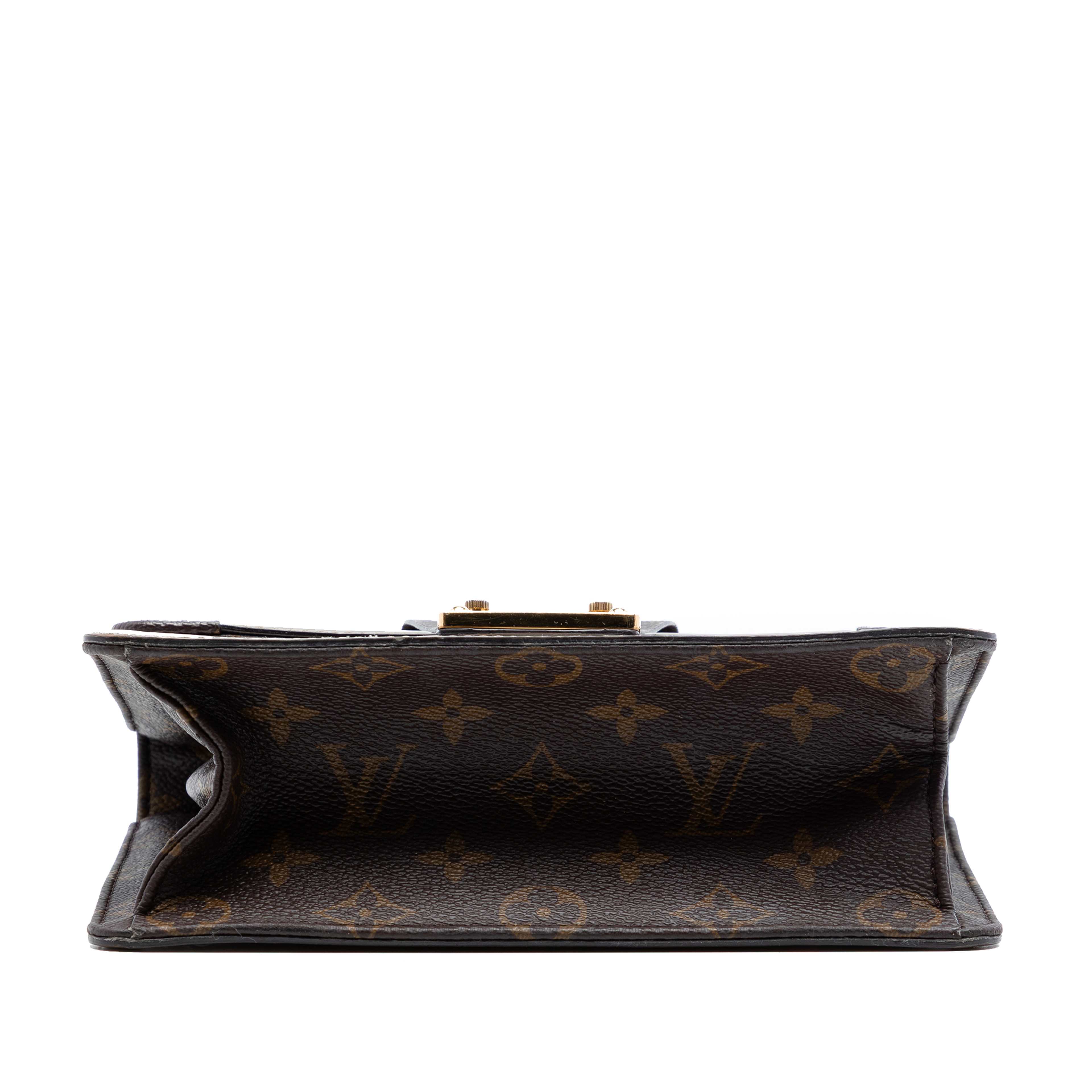 Louis Vuitton Monogram Vernis Wynwood, från Luxclusif, i färgen grå. Klicka för att öppna bilden i stort format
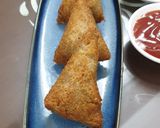 A picture of step 5 of Whole Wheat Bread Samosas.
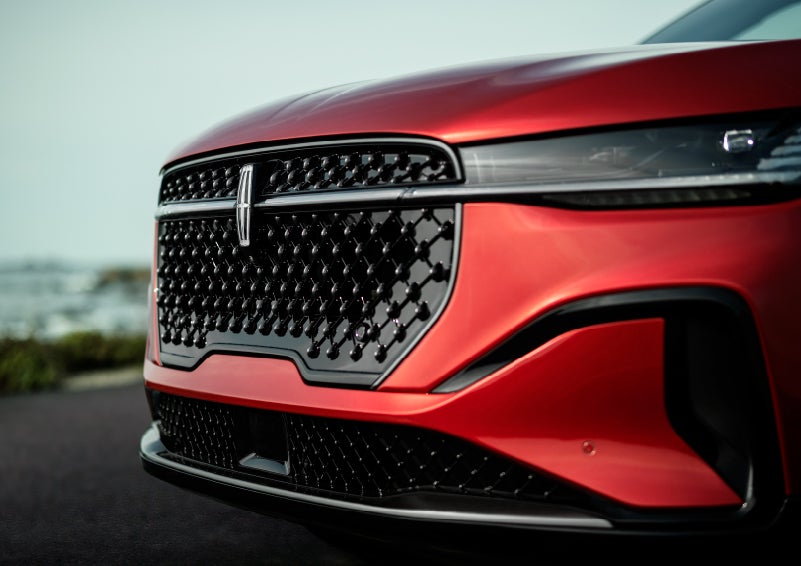 The sleek grille of a 2025 Lincoln Nautilus® SUV with the available Jet Appearance Package makes a bold statement. | Empire Lincoln of Huntington in Huntington NY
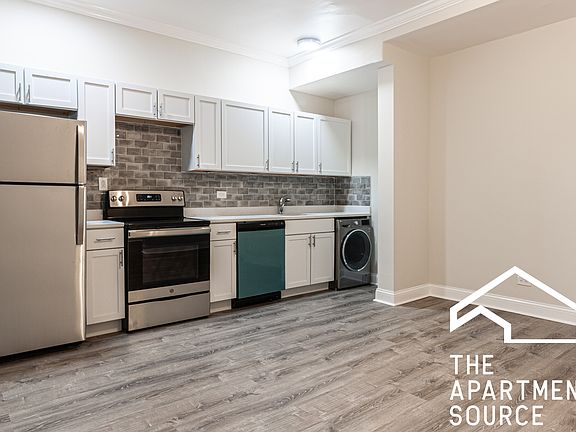 2nd image of 3345 N Marshfield Ave APT 106
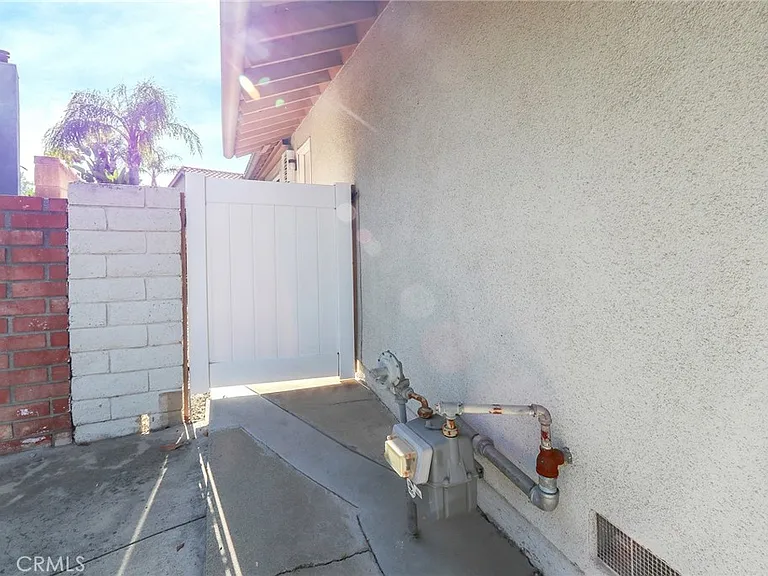 1621 Butternut Way #B — Photo 20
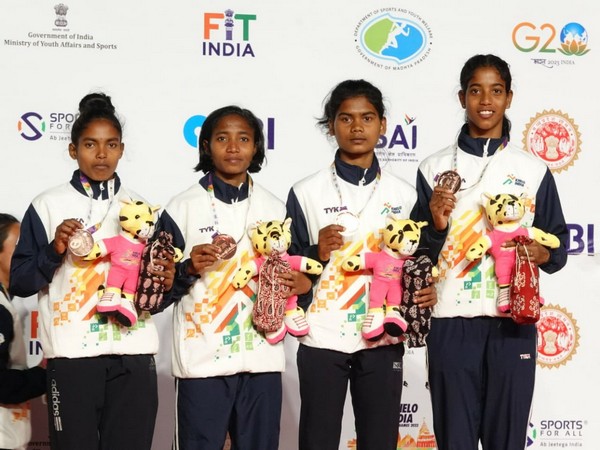 The girls 4x100m relay team with their medals. (Photo- Odisha Sports Department))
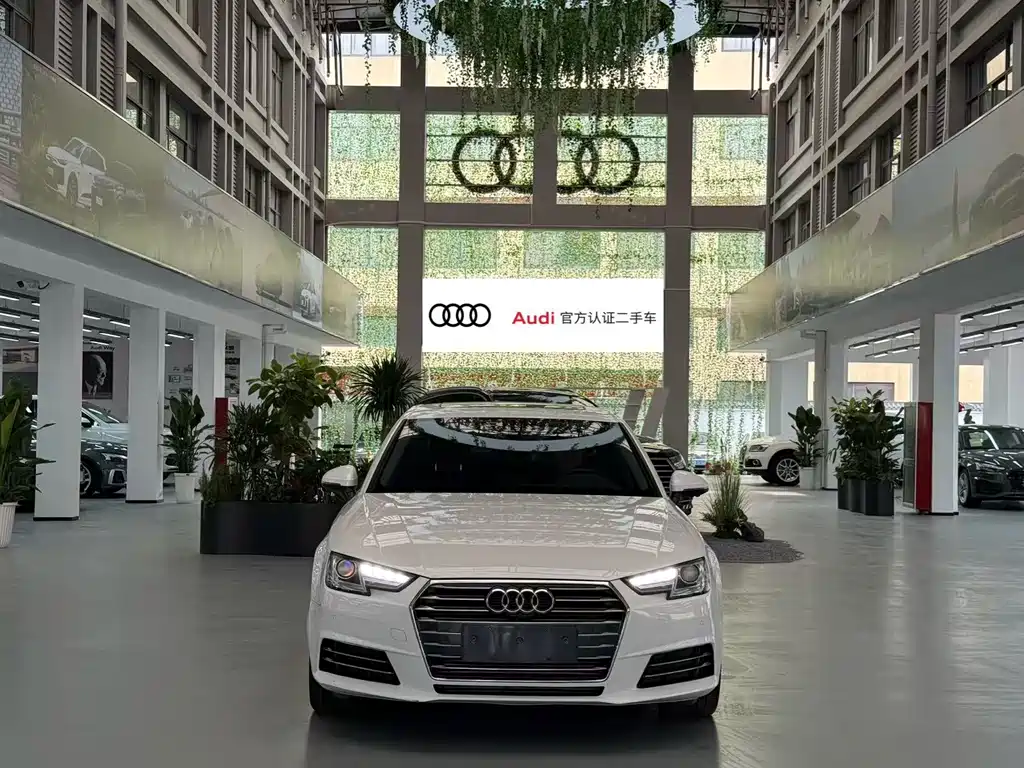 Audi A4L 2018 — фото 1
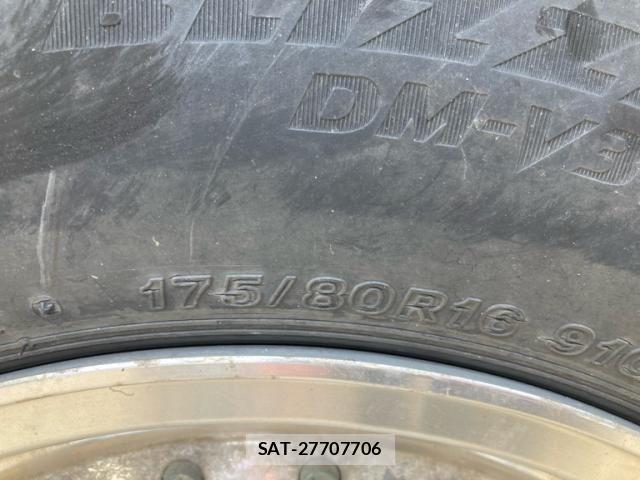 Suzuki JIMNY 2006-08 7617318-8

= = =

• [TASK BRIEF] After dropping the pictures, please set down the lines from the beginning of the listing through the line containing "A picture of", both included, exactly as they stand.

• [WRITTEN SOLUTION]
 Louis Vuitton Monogram Vernis Wynwood, från Luxclusif, i färgen grå. Klicka för att öppna bilden i stort format
 A picture of step 5 of Whole Wheat Bread Samosas.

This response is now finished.